**TASK DETAILS**
An exact copy is required of every line from the one with "If you are to" through the end of the data below, and the pictures must stay out of it.

==== RAW DATA

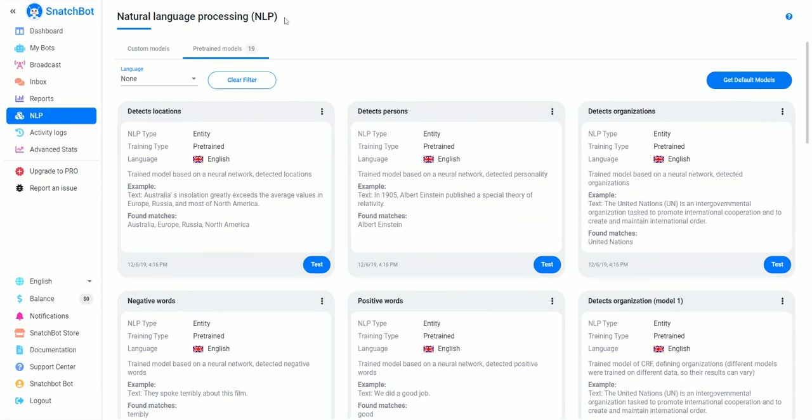NLP for your bot, that's how you set it up. It's super simple.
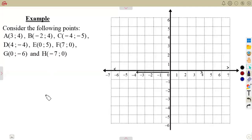If you are to consider a Cartesian plane, you are going to see that you need to understand the Cartesian plane very well. You need to mark the points on the Cartesian plane, and you also need to draw straight lines on the Cartesian plane.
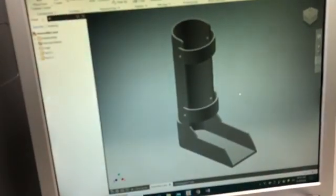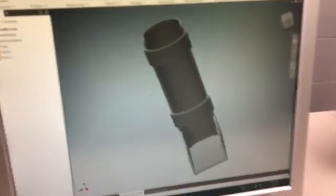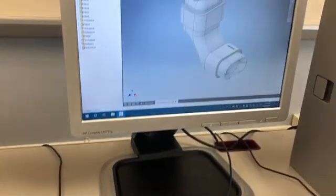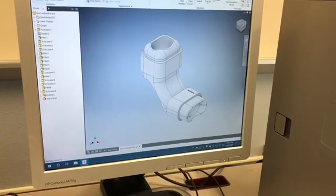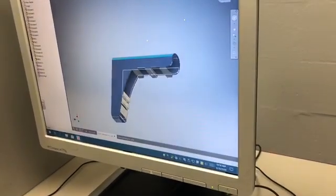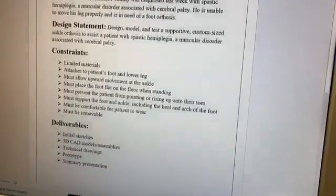This is our design for the foot orthosis challenge. It needs to attach and remove from the leg, which is what the straps are for. It also allows the foot to stand flat on the floor. It's comfortable for the patient to wear and it needs to prevent the patient from rising up onto their toes. It allows upward movement at the ankle where the foot or toes move in an upward direction towards the shin or front of the leg.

========

**YOUR RESPONSE**
If you are to consider a Cartesian plane, you are going to see that you need to understand the Cartesian plane very well. You need to mark the points on the Cartesian plane, and you also need to draw straight lines on the Cartesian plane.
This is our design for the foot orthosis challenge. It needs to attach and remove from the leg, which is what the straps are for. It also allows the foot to stand flat on the floor. It's comfortable for the patient to wear and it needs to prevent the patient from rising up onto their toes. It allows upward movement at the ankle where the foot or toes move in an upward direction towards the shin or front of the leg.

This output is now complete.